しかしさらに私がこれまでここで言ってきたことも考え直さなければならない問題も提起している.ことの本質は日本とアメリカという国家と国家の問題ではないということだ.176〜177頁に次の記述がある.

 「グローバル経済が支配する世界の中で、今後ますます各国の憲法や法律、規制といったものは意味を失ってくるでしょう。国の介入は、小さければ小さいほど利益が上がる。グローバル経済の最終ゴールは、規制ゼロの”統一世界市場”だからです」
 ルークの言う通り、グローバル企業が世界に市場を拡大するほどに、国境は意味を持たなくなる。先進国で国内の労働者が失業する一方で、年金や生活保護など国の負担は重くなっていく。第三国はますます資源を奪われ、通貨は効率よく統一されていくだろう。その時「国家」という形は、いったいどうなってしまうのか。

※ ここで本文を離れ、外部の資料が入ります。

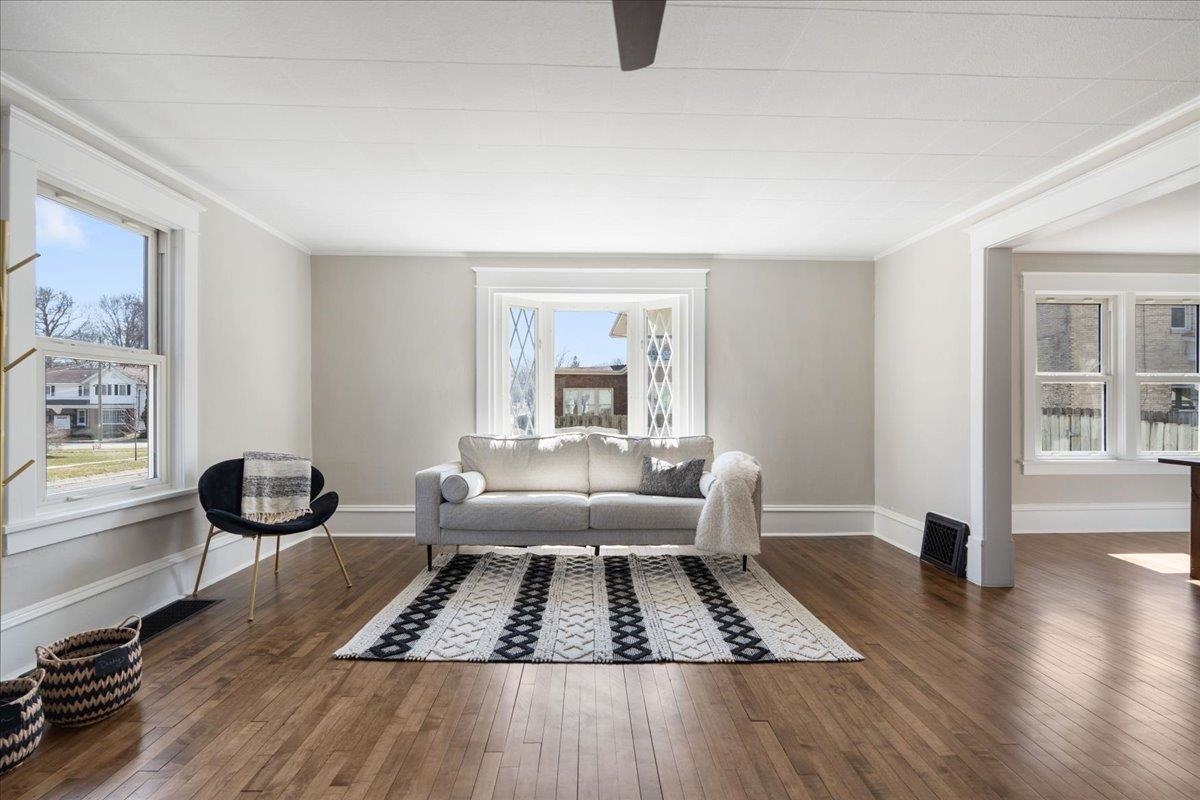 216 S Madison Street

確かに.ではそのうえで,我々はどのようにすればよいのか.それについてもアルゼンチンの経験や,国際的な人々のつながりについての示唆に富む言及がある.希望は失われてはいない.201頁に次の記述がある.

 顔のない消費者から、名前や生きてきた歴史、将来の夢や健やかな暮らしを字にする権利を持つ「市民」になると決めること。失望した政治を見捨てる代わりに、誰もが人間として尊厳を持って生きられる参加型民主主義の枠組みを作るために自分の行動に責任を持つこと。
 人開が太古からの歴史の中で繰り返し生み出してきた、数字で測れない価値を持つ数々の宝を守ることは、私たちがより人間らしく生きられる社会を作ることと同義語だ。
 もうひとつのグローバリゼーションは国境を超え、この歪んだシステムの中、さまざまな形でバラバラにされた私たちを、再びつなげる力になるだろう。

経済原理から人間原理への転換,私がここで言ってきたもう一つのことは,このように希望の原理として述べられている.私の講釈はこれぐらいにしておこう.この本から受けた問題提起については,これからよく考えまとめてゆきたい.これは,とりわけこれからの人生を否応なくこの日本とともにおくらねばならない若者の必読の書である.最後にアメリカの占拠運動の人の言葉を紹介しよう.「真実にたどり着く方法? 手始めにTVを消して自分の頭で考えはじめることよ」.これはぜひ実践しよう.いずれにせよ,各自本書入手して一読されんことを.